Sony has unveiled the LYTIA 610, a new 64-megapixel smartphone sensor built to make telephoto cameras sharper without hurting autofocus. The pitch is straightforward: better detail, faster readout, and cleaner switching in multi-camera phones. In a market where zoom modules often get the leftovers after the main camera grabs the spotlight, that is a very sensible place to spend silicon.
The Sony LYTIA 610 is a 1/2-inch CMOS sensor with a pixel size of 0.7 µm, and Sony says its RB2x2 On Chip Lens structure is being used at scale for the first time. The company claims more than a 20% boost in spatial resolution versus the previous LYTIA 601 while keeping the same pixel size. That kind of gain usually shows up first in the dull-but-important stuff: less mushy zoom shots, fewer compromises in low-light telephoto scenes, and less of that artificial-looking sharpening phones use to fake detail.
Sony LYTIA 610 4K video and faster sensor readout
Sony also says the readout speed is roughly twice as fast as its earlier 1/2-inch sensors. That opens the door to 4K video at up to 120 frames per second, plus 4K 60 fps in HDR. For phone makers, that matters because telephoto cameras are no longer just for stills and portrait blur; they are increasingly expected to behave like proper video tools too, especially in flagship devices that want a unified camera experience.
Competitors have been pushing hard on this front.

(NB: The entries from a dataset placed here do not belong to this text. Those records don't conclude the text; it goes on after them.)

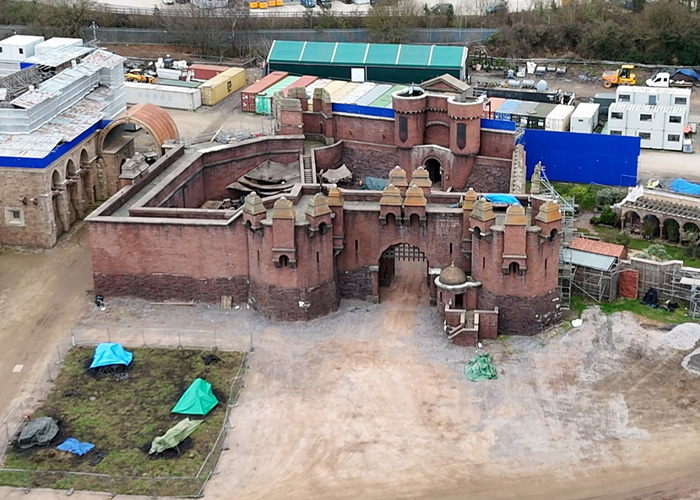 Aerial view of the Harry Potter set revealed by a drone capturing astounding details of the film castle and surrounding area.
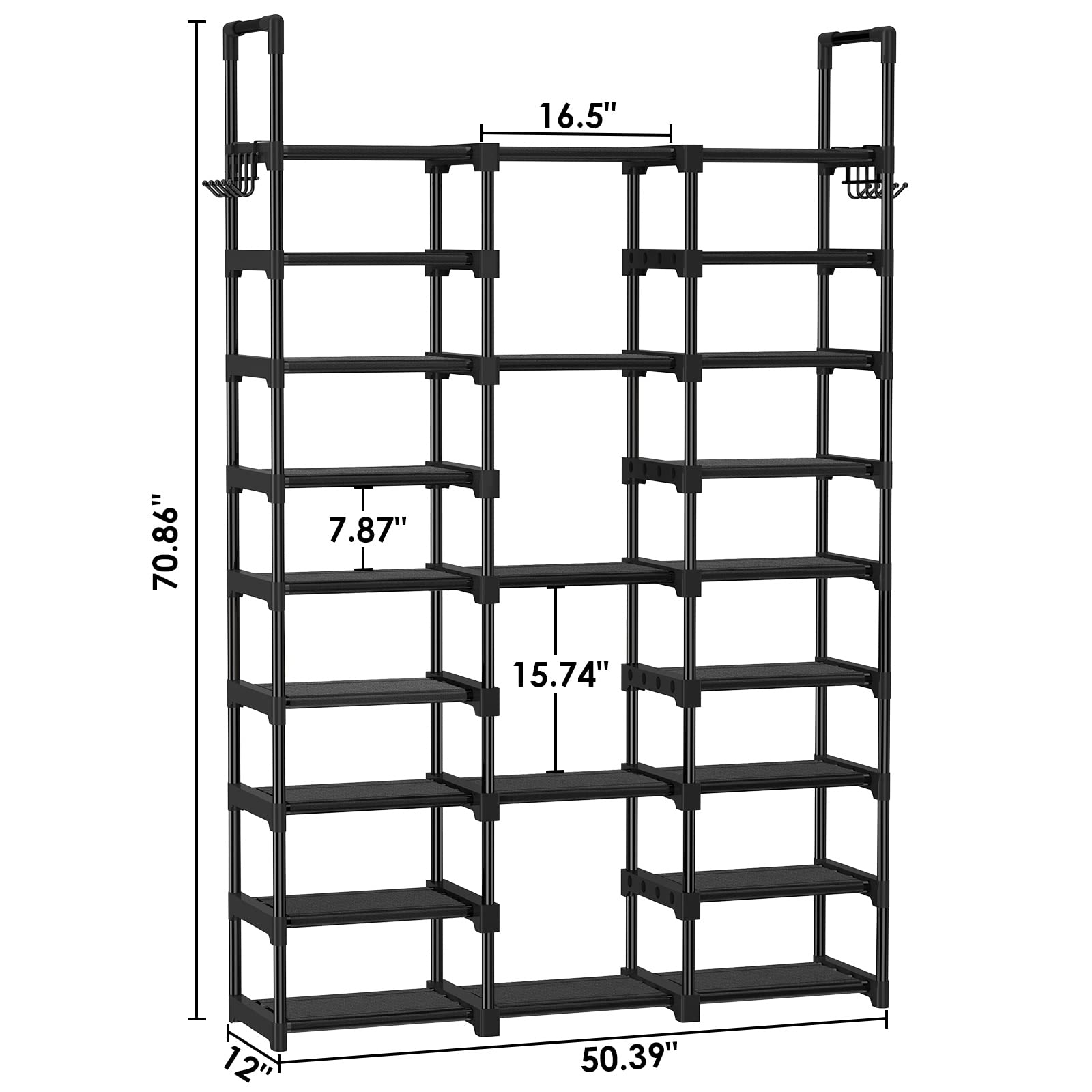 Mua Kayfia 9 Tiers Shoe Rack Shoe Organizer Storage with Non-Woven ...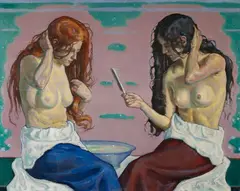 Emil Eugen Meyer, Mädchen bei der Toilette, 1915, Oil on canvas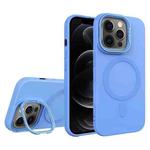 For iPhone 12 Pro Diamond Texture Lens Holder Skin Feel MagSafe Phone Case(Sierra Blue)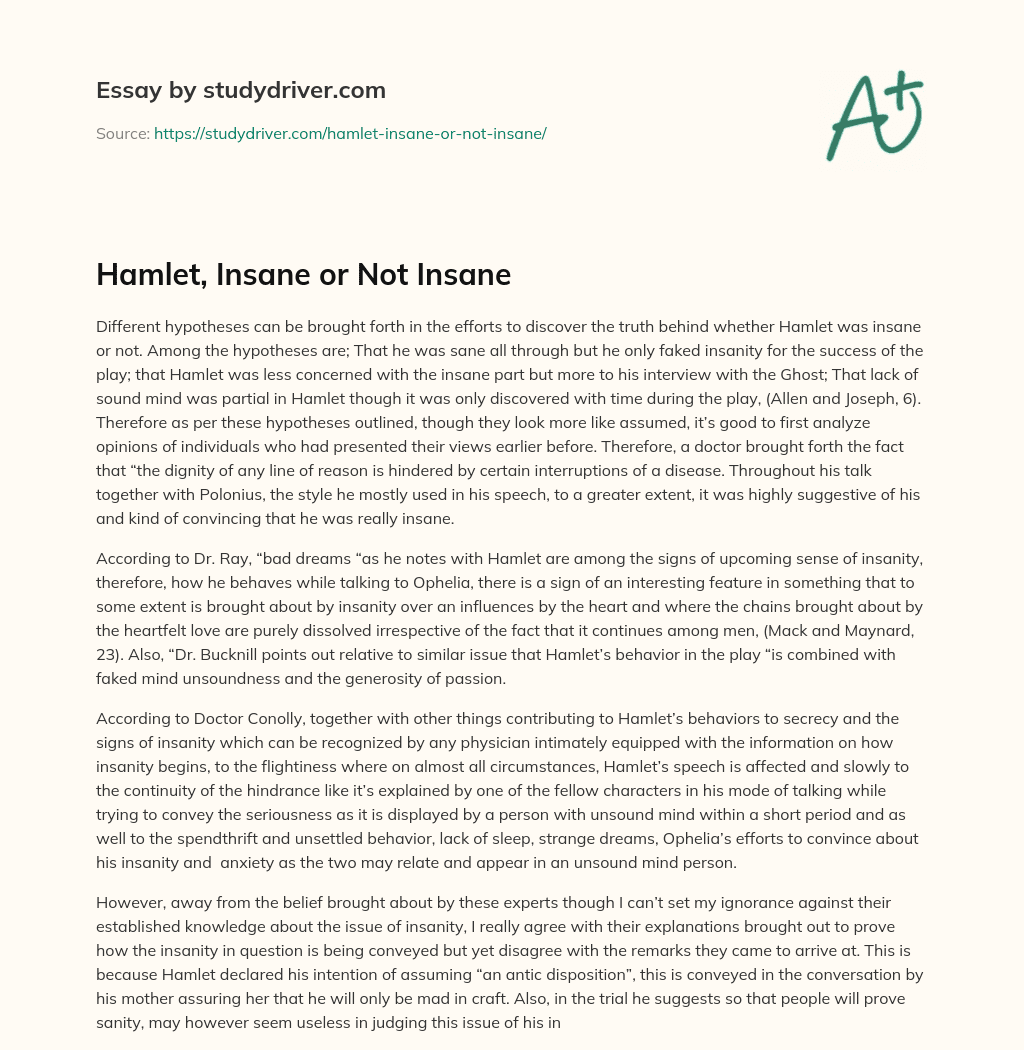 Hamlet, Insane or not Insane essay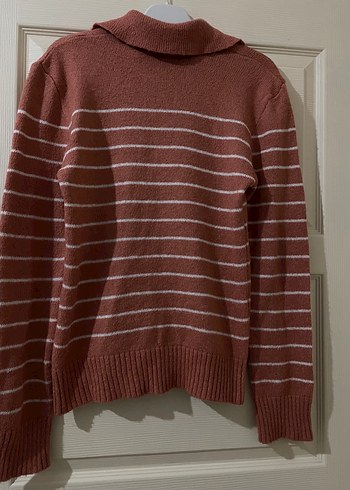 Kadın Kahverengi Çizgili Örgü Kazak - Görsel 2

Samsung and OmniVision have both spent the last few product cycles trying to make smaller smartphone sensors behave less like compromises and more like premium imaging parts, while Apple has leaned heavily on multi-camera consistency across lenses. Sony’s play here is to improve the one area users notice immediately: zoom shots that do not fall apart the moment the light drops or the subject moves.
Multi-camera phones get a cleaner handoff
The LYTIA 610 is also designed for phones with multiple rear cameras, where color and exposure mismatches can make lens switching look clumsy. Sony says the sensor should reduce differences between the main and secondary modules and make transitions smoother during video recording. That is a practical feature, not a flashy one, which is usually how good camera hardware ends up being judged anyway.
Mass production of the LYTIA 610 is set to begin before the end of June 2026. The real test will come when handset makers decide where to use it: as a premium telephoto upgrade, a midrange zoom boost, or just another spec-sheet trophy. My bet? The first phones using it will sell the zoom story hard, because after years of main-camera arms races, telephoto finally has a part worth bragging about.